━━━ Provided data

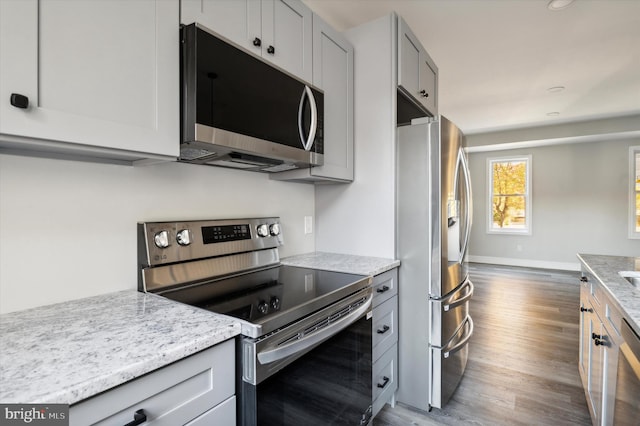 kitchen featuring light stone counters, appliances with stainless steel finishes, dark hardwood / wood-style flooring, and gray cabinets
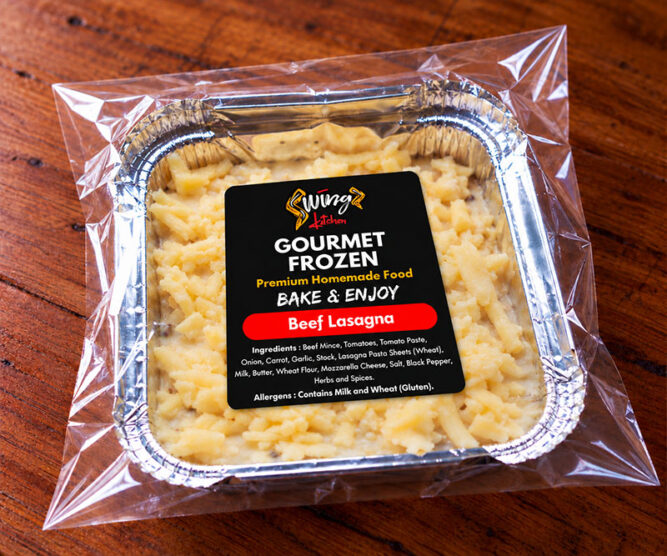 Swingz Kitchen homemade frozen beef lasagna in a foil container, ready to cook.
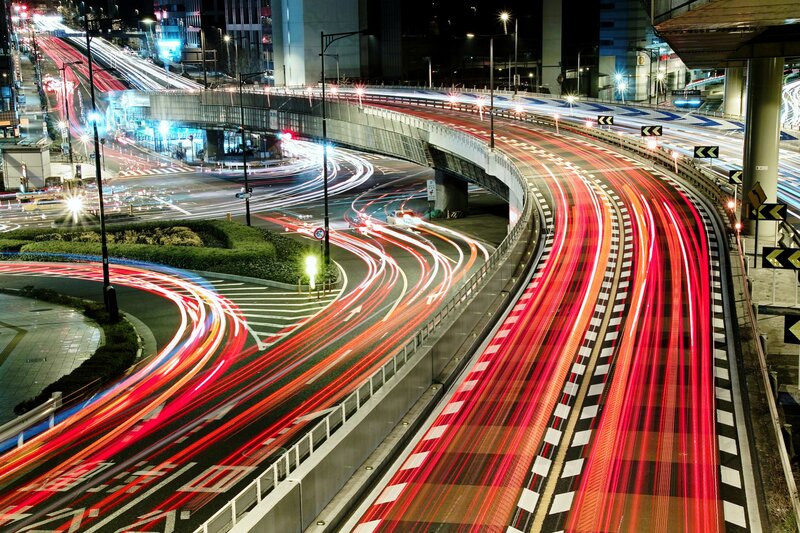 Light Trails on Highway — Red, Dynamic, Night, Photograph, Traffic, Buildings, Streetlights
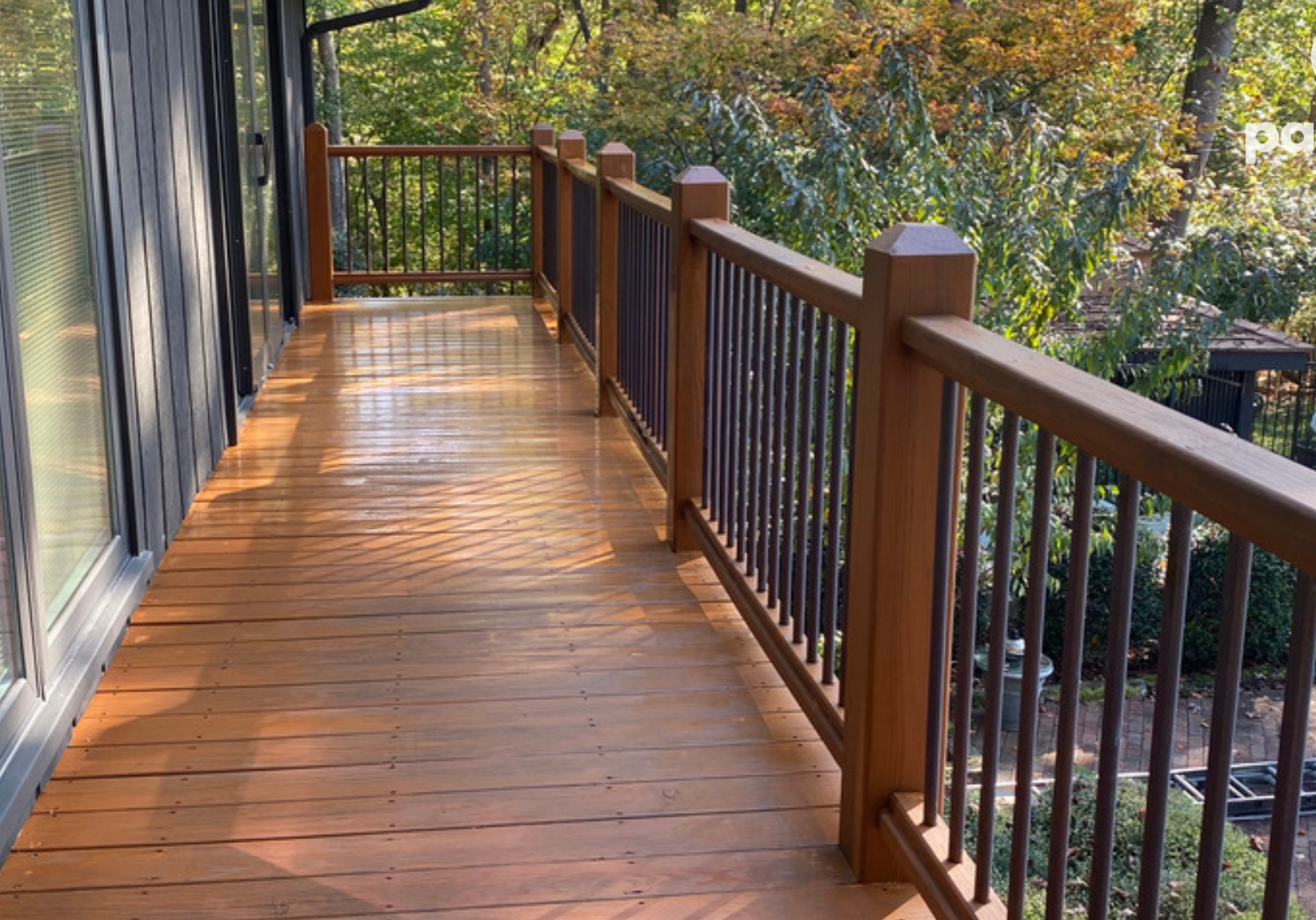 Freshly stained wooden deck by Paint EZ – professional deck and fence staining services that protect and enhance outdoor wood surfaces.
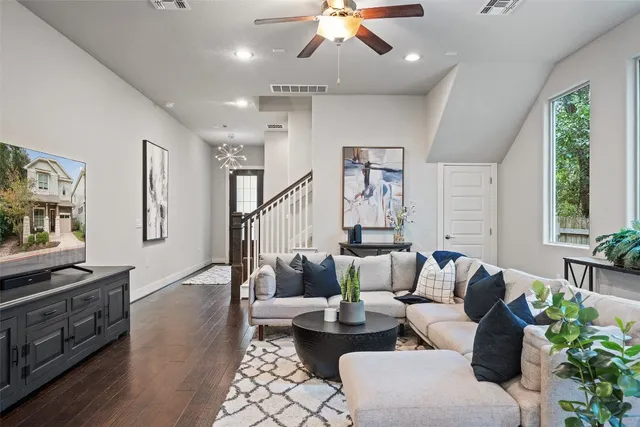 a living room with furniture and wooden floor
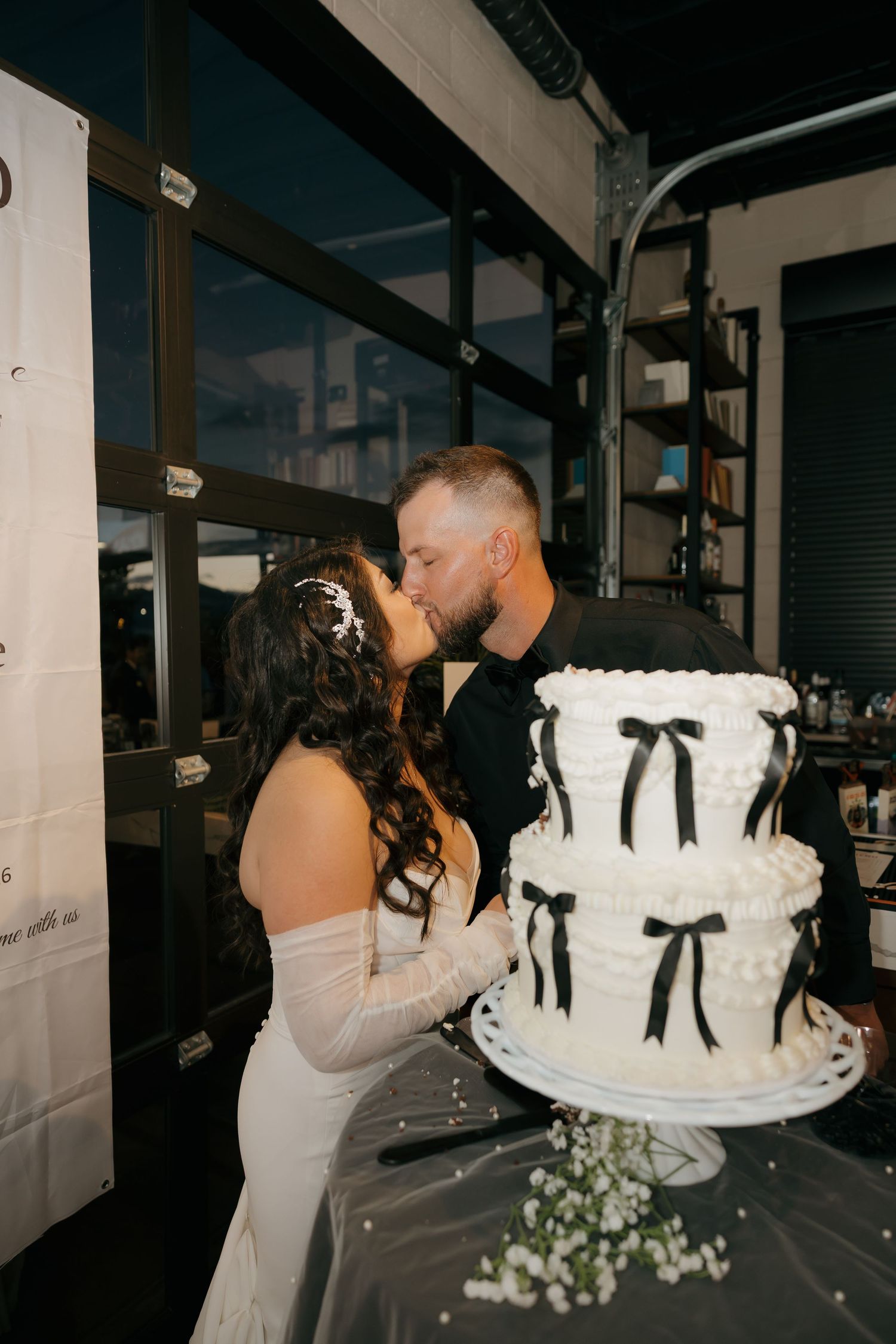 Bride and groom kissing beside white wedding cake with black bow decorations.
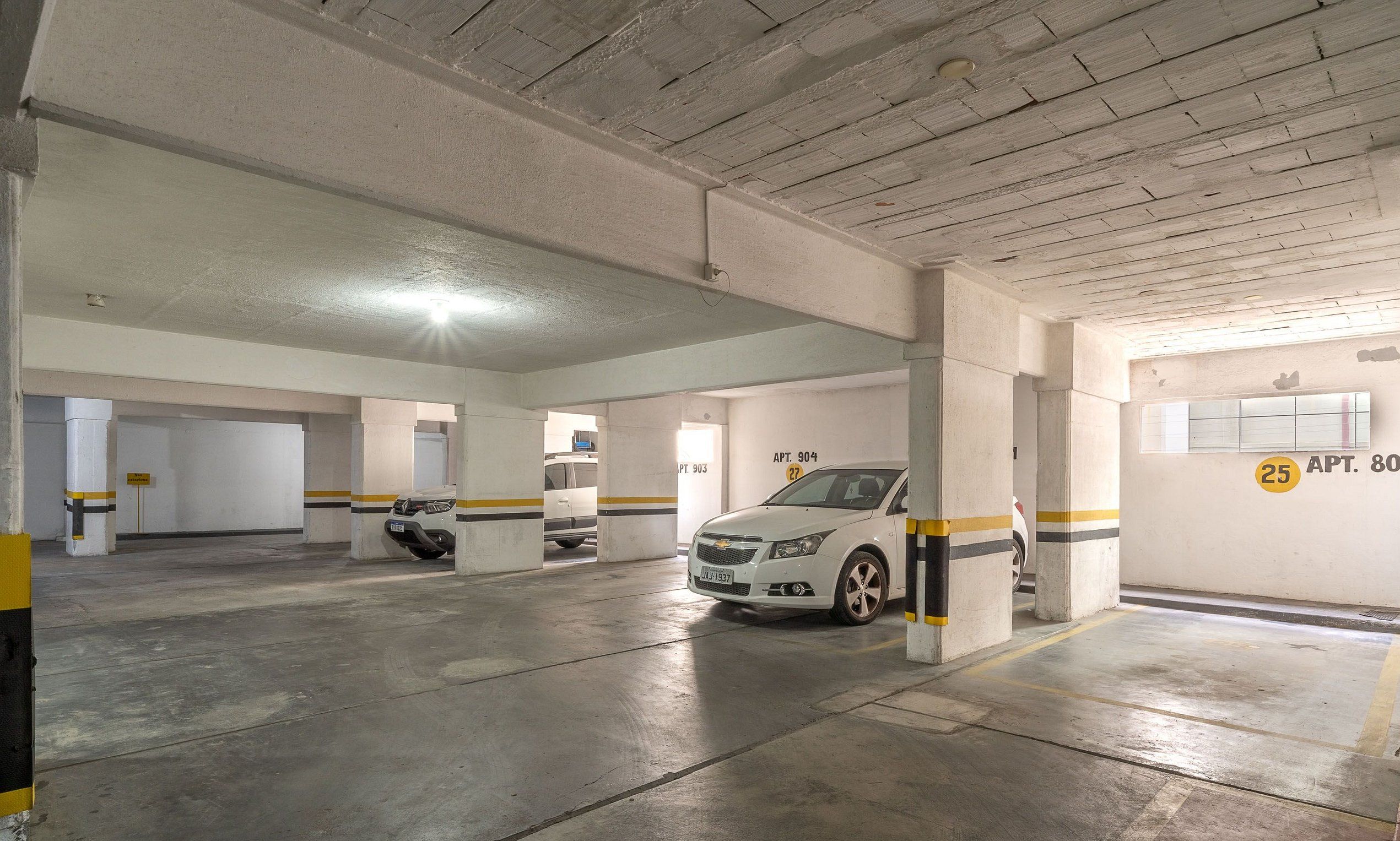 Eine mehrgeschossige Parkgarage mit Betonpfeilern, ausgewiesenen Stellplätzen und einem weißen Auto auf einem Platz.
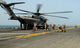 US Marines preparing to board CH-53E Super Stallion helicopter poster print.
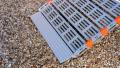 Close up of rollAble Ramp food end on a gravel surface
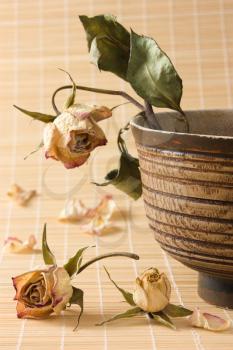 Dry rose with wilted green leaves in an old wooden bowl and dried rosebuds and petals on a straw mat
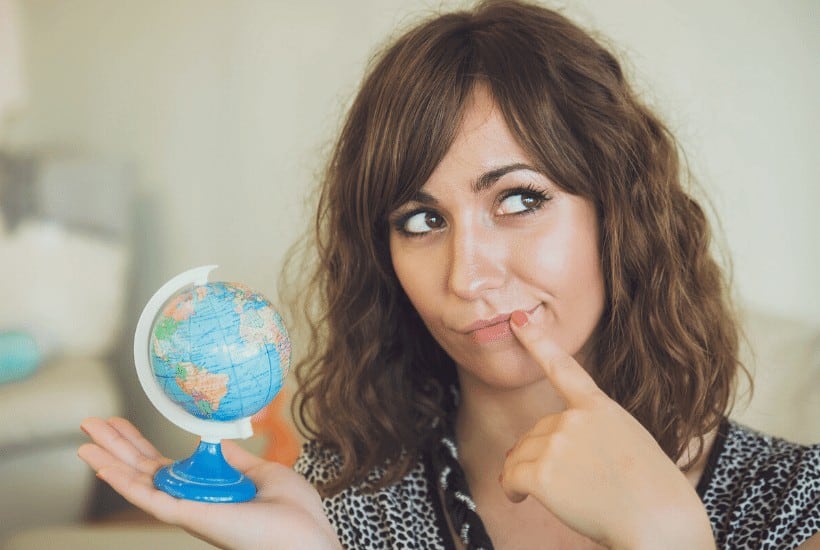 an image of a woman holding the world globe featured image for Jesus Christ Will Reign Forevermore The Great Thrilling Day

━━━━━━

* What the task asks: Set down all of the entries exactly as they stand, without any image.

* Answer to the problem:
 kitchen featuring light stone counters, appliances with stainless steel finishes, dark hardwood / wood-style flooring, and gray cabinets
 Swingz Kitchen homemade frozen beef lasagna in a foil container, ready to cook.
 Light Trails on Highway — Red, Dynamic, Night, Photograph, Traffic, Buildings, Streetlights
 Freshly stained wooden deck by Paint EZ – professional deck and fence staining services that protect and enhance outdoor wood surfaces.
 a living room with furniture and wooden floor
 Bride and groom kissing beside white wedding cake with black bow decorations.
 Eine mehrgeschossige Parkgarage mit Betonpfeilern, ausgewiesenen Stellplätzen und einem weißen Auto auf einem Platz.
 US Marines preparing to board CH-53E Super Stallion helicopter poster print.
 Close up of rollAble Ramp food end on a gravel surface
 Dry rose with wilted green leaves in an old wooden bowl and dried rosebuds and petals on a straw mat
 an image of a woman holding the world globe featured image for Jesus Christ Will Reign Forevermore The Great Thrilling Day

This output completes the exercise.